Scritto da Gabriele Richetti
Correva l’anno 1898
Nel 1898 Torino e l’Italia intera erano in fermento. In quell’anno cadeva infatti il cinquantesimo anniversario dello Statuto Albertino.
Nel capoluogo piemontese venne dunque organizzata una grande esposizione generale, per tributare il giusto onore allo Statuto.
Di tutte le opere architettoniche, temporanee e non, costruite in quei giorni, l’unica ancora oggi visibile è la Fontana dei Dodici Mesi (detta anche delle Quattro Stagioni), situata nella posizione in cui fu costruita all’epoca, vale a dire immersa nel Parco del Valentino.
Realizzata su progetto dell’ingegnere e architetto Carlo Ceppi, la fontana è adagiata su un lieve pendio che dalla strada scende verso il Po.
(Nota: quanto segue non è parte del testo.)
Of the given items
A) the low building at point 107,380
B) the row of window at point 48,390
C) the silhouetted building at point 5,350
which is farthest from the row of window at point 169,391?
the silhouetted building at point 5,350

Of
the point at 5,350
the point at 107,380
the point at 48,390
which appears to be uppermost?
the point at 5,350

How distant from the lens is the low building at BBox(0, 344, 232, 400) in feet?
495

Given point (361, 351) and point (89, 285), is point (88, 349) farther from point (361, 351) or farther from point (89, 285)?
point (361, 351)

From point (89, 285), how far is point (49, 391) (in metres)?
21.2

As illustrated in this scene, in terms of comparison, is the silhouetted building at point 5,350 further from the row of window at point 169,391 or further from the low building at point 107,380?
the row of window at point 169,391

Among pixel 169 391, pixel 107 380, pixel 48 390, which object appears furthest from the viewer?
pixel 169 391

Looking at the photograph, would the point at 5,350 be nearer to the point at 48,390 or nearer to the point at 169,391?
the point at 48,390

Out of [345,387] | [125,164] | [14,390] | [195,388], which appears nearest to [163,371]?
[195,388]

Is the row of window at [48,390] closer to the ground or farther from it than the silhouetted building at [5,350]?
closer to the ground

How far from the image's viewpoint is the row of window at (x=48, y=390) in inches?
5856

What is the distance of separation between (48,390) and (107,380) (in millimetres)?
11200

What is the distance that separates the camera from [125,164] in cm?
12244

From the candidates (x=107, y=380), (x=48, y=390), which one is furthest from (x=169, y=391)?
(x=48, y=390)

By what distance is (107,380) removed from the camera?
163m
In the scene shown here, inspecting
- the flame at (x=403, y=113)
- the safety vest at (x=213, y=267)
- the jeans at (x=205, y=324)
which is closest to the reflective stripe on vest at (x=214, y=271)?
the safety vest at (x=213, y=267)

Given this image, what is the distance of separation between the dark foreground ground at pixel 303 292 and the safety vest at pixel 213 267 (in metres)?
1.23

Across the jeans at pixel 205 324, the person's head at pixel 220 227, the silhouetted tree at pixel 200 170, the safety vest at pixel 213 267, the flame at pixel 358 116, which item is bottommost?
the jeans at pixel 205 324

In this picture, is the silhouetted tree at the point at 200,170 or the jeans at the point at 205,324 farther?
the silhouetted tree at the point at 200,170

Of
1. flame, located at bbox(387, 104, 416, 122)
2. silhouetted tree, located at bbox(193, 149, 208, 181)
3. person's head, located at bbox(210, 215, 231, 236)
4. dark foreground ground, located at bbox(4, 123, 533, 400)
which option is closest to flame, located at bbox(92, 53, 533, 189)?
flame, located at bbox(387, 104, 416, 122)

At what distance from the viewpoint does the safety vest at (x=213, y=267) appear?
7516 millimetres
Alle sue spalle, dove oggi si trovano alcuni parcheggi sotto i rami degli alberi, nel 1898 si ergeva un grande edificio in stile moresco destinato ad ospitare alcuni locali dell’esposizione, e sostituito, per l’Expo del 1911, dal padiglione dedicato all’Inghilterra.
Dodici mesi e quattro fiumi
Della fontana dei Dodici Mesi risalta subito l’ampia vasca ovale, alimentata da una grande cascata centrale. Sopra la cascata si trovano quattro gruppi di statue, che rappresentano ciascuna un fiume piemontese.
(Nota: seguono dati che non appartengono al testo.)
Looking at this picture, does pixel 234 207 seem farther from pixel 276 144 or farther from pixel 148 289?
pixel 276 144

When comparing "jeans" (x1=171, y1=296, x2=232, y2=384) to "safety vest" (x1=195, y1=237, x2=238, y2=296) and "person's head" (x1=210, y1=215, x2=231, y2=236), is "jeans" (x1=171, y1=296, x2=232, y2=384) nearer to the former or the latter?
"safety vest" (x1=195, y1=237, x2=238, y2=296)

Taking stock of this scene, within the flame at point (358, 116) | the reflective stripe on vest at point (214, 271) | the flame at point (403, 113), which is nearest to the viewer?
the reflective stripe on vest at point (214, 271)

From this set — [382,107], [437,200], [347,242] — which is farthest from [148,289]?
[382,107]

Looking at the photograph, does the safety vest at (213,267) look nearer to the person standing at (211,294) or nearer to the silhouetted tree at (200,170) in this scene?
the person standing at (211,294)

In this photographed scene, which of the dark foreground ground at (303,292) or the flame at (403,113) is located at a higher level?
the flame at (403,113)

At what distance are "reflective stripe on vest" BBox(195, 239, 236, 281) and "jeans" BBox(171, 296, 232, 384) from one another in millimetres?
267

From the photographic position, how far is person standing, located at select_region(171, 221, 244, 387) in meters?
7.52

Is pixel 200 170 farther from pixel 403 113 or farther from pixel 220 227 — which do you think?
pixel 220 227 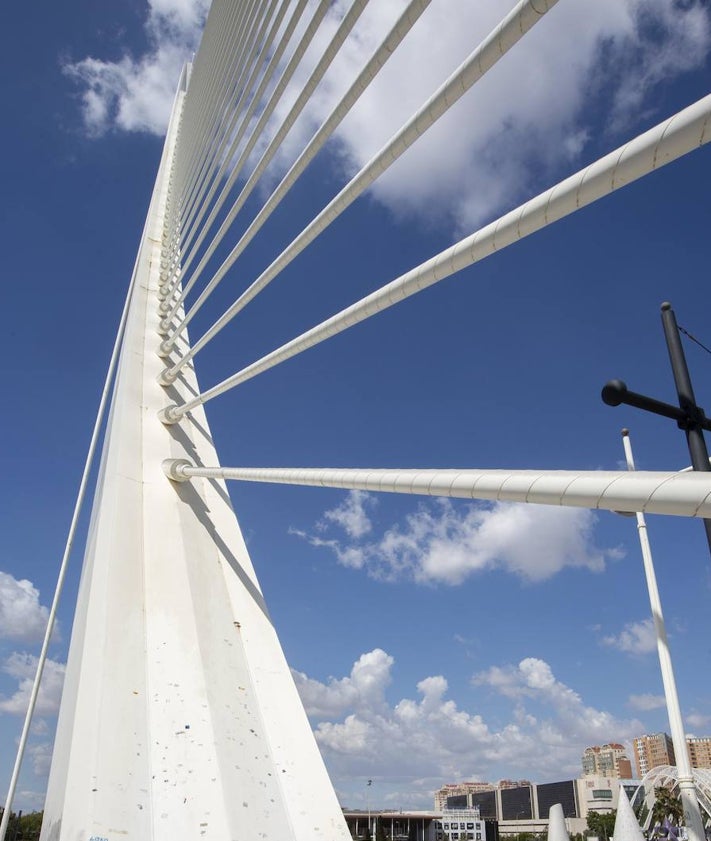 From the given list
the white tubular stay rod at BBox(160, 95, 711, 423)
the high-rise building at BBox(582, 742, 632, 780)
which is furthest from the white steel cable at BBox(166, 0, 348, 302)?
the high-rise building at BBox(582, 742, 632, 780)

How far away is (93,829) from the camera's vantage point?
3268 millimetres

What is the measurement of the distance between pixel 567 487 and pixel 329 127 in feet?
7.38

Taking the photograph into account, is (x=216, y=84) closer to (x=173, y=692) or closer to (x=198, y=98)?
(x=198, y=98)

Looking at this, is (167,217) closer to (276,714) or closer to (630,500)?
(276,714)

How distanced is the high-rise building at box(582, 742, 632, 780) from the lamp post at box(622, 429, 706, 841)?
86.6 meters

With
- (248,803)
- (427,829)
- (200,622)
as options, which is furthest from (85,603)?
(427,829)

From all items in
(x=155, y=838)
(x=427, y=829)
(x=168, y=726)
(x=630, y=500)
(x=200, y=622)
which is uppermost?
(x=200, y=622)

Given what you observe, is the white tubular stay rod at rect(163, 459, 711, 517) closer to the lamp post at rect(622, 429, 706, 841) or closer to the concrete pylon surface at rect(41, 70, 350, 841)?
the concrete pylon surface at rect(41, 70, 350, 841)

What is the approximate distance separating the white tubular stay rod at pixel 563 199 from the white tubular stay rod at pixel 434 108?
481 mm

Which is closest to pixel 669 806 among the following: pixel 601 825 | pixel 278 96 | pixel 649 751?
pixel 601 825

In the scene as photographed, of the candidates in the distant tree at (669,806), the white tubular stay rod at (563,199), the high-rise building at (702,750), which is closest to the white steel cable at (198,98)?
the white tubular stay rod at (563,199)

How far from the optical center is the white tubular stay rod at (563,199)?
1559 mm

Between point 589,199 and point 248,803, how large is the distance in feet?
11.5

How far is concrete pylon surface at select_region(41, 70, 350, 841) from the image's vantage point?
3574 mm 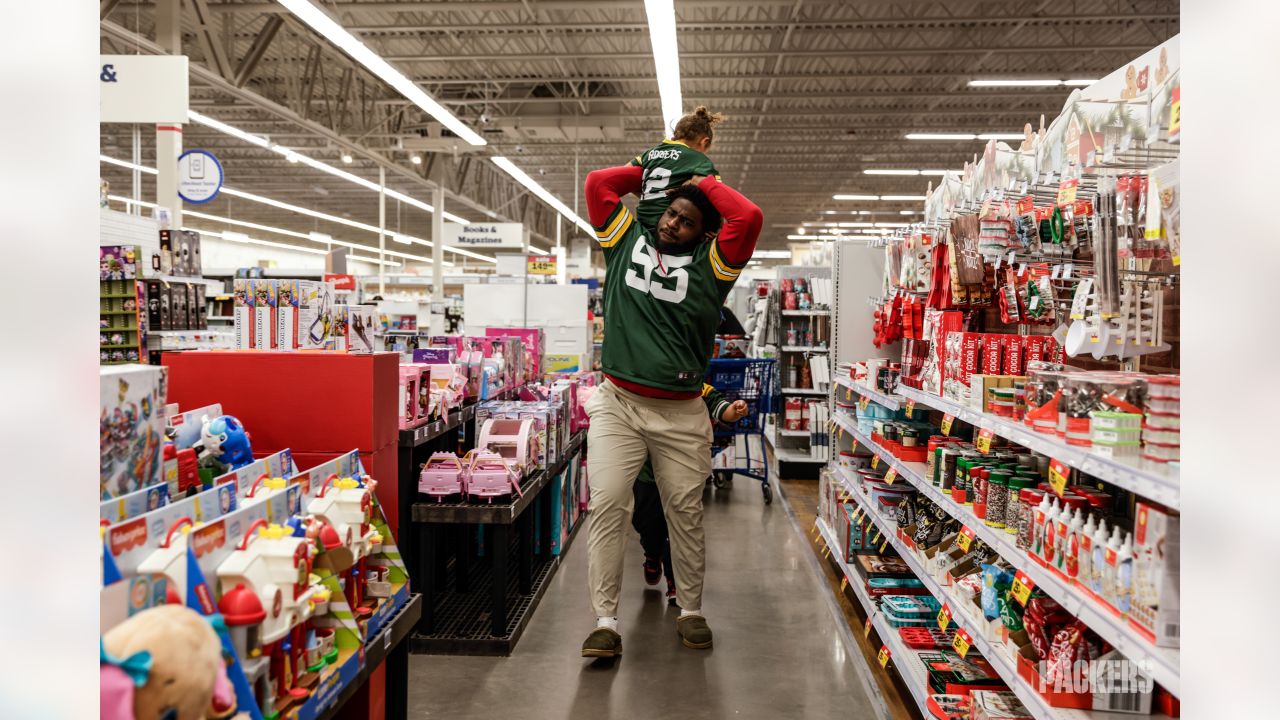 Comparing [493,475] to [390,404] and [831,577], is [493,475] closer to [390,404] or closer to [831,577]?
[390,404]

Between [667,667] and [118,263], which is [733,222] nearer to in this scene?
Answer: [667,667]

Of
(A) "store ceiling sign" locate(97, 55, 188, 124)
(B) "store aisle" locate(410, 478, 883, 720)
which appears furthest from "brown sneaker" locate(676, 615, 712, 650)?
(A) "store ceiling sign" locate(97, 55, 188, 124)

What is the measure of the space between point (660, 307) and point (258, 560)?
7.80ft

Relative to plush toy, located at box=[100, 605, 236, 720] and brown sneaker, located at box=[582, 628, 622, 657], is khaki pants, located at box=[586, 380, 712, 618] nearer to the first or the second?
brown sneaker, located at box=[582, 628, 622, 657]

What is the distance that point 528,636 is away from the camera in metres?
3.99

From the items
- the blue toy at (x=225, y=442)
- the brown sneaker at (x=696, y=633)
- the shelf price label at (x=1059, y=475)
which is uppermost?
the blue toy at (x=225, y=442)

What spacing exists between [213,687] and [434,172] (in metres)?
17.8

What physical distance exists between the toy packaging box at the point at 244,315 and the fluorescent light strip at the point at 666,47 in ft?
10.7

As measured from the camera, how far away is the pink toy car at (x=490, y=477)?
12.7ft

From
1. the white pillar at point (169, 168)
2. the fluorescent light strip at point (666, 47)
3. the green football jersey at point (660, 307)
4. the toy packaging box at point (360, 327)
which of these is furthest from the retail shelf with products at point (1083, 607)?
the white pillar at point (169, 168)

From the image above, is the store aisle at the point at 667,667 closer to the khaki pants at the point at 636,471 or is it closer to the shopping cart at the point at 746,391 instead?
the khaki pants at the point at 636,471

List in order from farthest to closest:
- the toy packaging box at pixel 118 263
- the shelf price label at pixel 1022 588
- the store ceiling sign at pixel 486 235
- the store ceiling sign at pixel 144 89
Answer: the store ceiling sign at pixel 486 235
the store ceiling sign at pixel 144 89
the toy packaging box at pixel 118 263
the shelf price label at pixel 1022 588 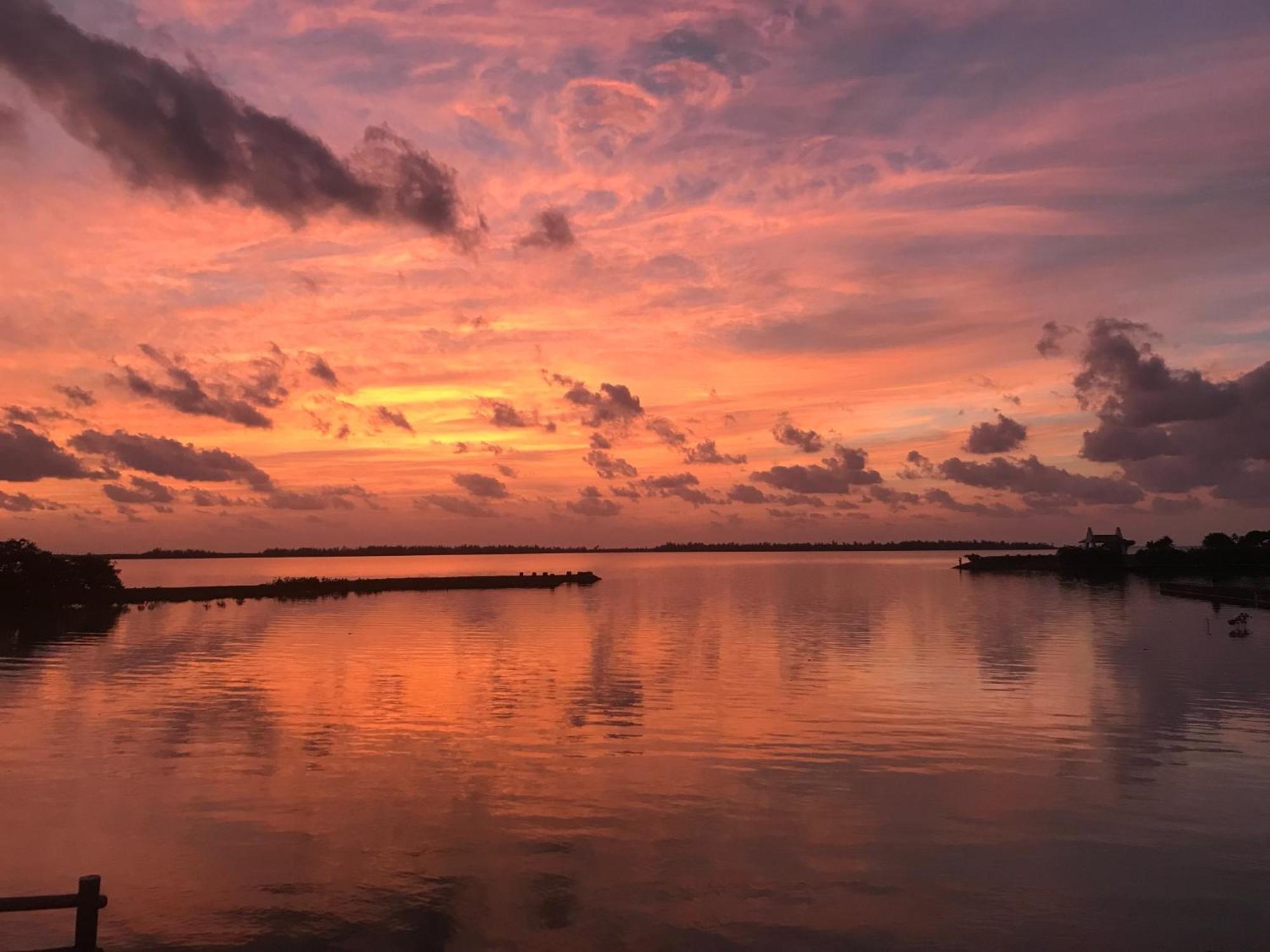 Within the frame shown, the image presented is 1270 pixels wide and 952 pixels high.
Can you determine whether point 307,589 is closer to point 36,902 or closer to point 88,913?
point 88,913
Troviamo dunque tre giocondi nudi femminili (la Stura), una grande figura barbuta (il Po), una pastorella dalla corona di margherite (la Dora) e un genio acquatico che sorride a due giovani amanti (il Sangone).
Tutto intorno alla vasca centrale si notano dodici sculture allegoriche, a rappresentare i dodici mesi dell’anno.
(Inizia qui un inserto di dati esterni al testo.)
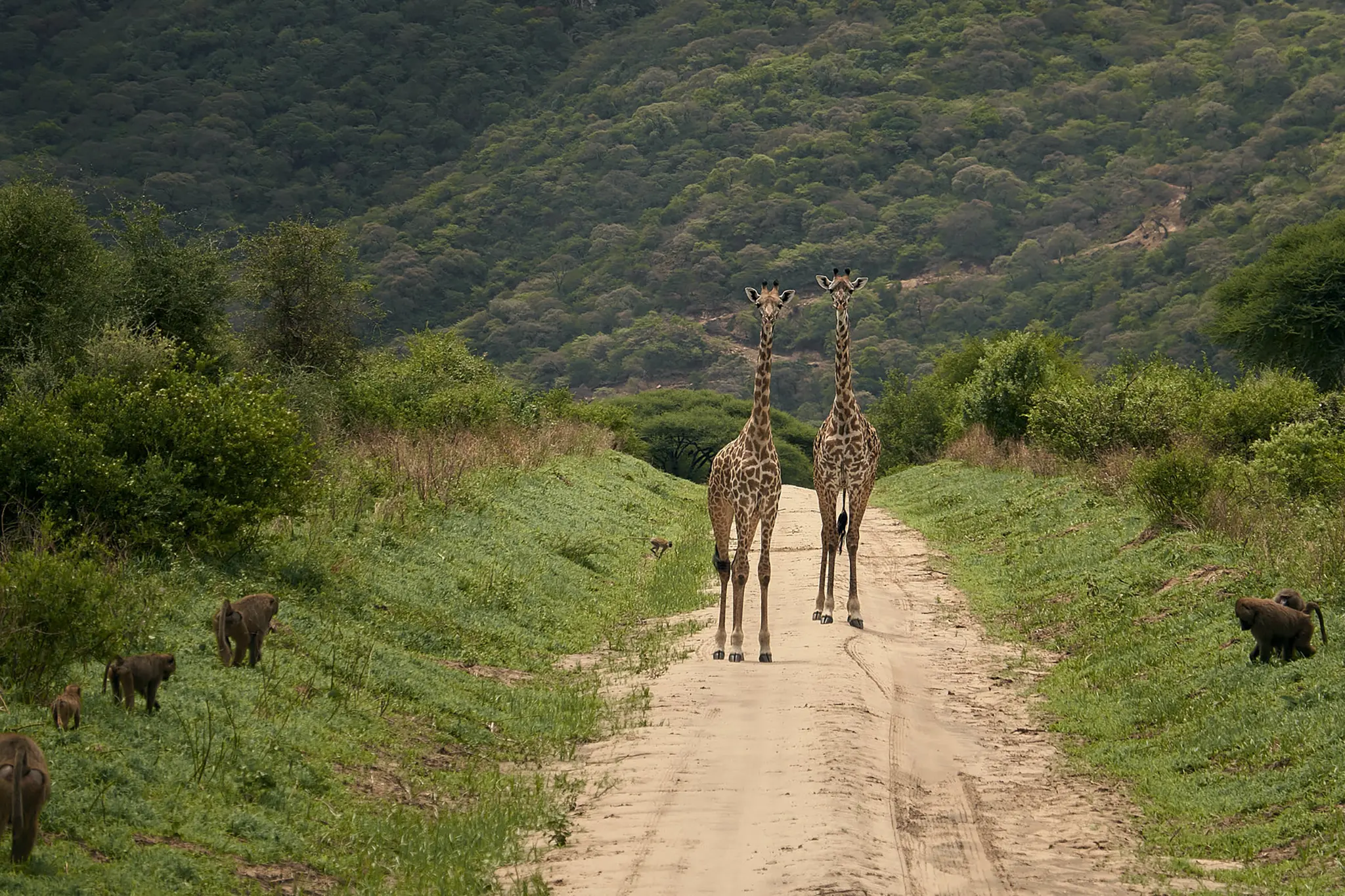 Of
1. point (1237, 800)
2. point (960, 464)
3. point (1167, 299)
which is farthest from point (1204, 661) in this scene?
point (1167, 299)

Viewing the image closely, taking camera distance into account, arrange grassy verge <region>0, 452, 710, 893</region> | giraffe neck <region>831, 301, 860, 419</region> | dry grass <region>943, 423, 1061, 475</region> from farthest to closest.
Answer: dry grass <region>943, 423, 1061, 475</region> < giraffe neck <region>831, 301, 860, 419</region> < grassy verge <region>0, 452, 710, 893</region>

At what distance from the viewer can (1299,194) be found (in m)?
95.6

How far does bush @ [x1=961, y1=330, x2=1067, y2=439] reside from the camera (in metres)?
40.0

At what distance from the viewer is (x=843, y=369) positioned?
1855cm

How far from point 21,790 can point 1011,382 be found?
36033mm

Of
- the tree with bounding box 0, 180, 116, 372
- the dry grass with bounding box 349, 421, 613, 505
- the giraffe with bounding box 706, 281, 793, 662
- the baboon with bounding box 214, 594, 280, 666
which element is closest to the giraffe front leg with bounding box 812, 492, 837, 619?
the giraffe with bounding box 706, 281, 793, 662

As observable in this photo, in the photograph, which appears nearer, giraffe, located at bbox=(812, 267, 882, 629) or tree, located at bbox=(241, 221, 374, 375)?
giraffe, located at bbox=(812, 267, 882, 629)

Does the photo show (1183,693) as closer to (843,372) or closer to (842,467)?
(842,467)

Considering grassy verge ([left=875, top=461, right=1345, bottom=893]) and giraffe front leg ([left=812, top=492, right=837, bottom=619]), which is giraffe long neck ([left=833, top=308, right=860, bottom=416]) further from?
grassy verge ([left=875, top=461, right=1345, bottom=893])

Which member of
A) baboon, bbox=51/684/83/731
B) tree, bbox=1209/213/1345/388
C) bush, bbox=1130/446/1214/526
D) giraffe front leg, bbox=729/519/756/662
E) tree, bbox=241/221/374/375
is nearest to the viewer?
baboon, bbox=51/684/83/731

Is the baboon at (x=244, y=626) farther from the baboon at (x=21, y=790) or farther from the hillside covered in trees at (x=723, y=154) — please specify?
the hillside covered in trees at (x=723, y=154)

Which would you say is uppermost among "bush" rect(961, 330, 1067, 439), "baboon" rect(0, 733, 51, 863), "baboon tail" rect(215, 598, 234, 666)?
"baboon" rect(0, 733, 51, 863)

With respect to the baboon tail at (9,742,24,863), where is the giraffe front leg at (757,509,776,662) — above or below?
below

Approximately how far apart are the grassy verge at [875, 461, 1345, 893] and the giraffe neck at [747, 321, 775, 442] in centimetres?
397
La vasca presentava, all’epoca della costruzione, altri gruppi di statue, andati purtroppo perduti (una sirena trainata da alcuni cigni, un satiro e dei putti).
La leggenda di Fetonte
Da buona opera torinese, anche la Fontana dei Dodici Mesi parrebbe avere qualche legame con l’occulto. In effetti, la Storia stessa di Torino sembrerebbe, a volte, prendere una strada diversa da quella conosciuta dai più, per fondersi con la leggenda.
Secondo il mito, Fetonte, per dimostrare la propria forza, chiese al padre il permesso di guidare il carro del Sole. Tuttavia, a causa della poca esperienza, i cavalli si imbizzarrirono e iniziarono a correre all’impazzata per la volta celeste, bruciandone la parte superiore (dando così origine alla Via Lattea) e quella inferiore (trasformando la Libia in un deserto). Zeus, per fermare tale devastazione, scagliò un fulmine contro il carro, facendolo precipitare.
Il carro precipitò nel fiume Eridano (termine greco usato per indicare il Po), nella zona dove secoli più avanti sarebbe sorta la città di Torino.
La tradizione vorrebbe dunque la fontana essere stata costruita esattamente nel punto ove cadde il carro dello sfortunato Fetonte.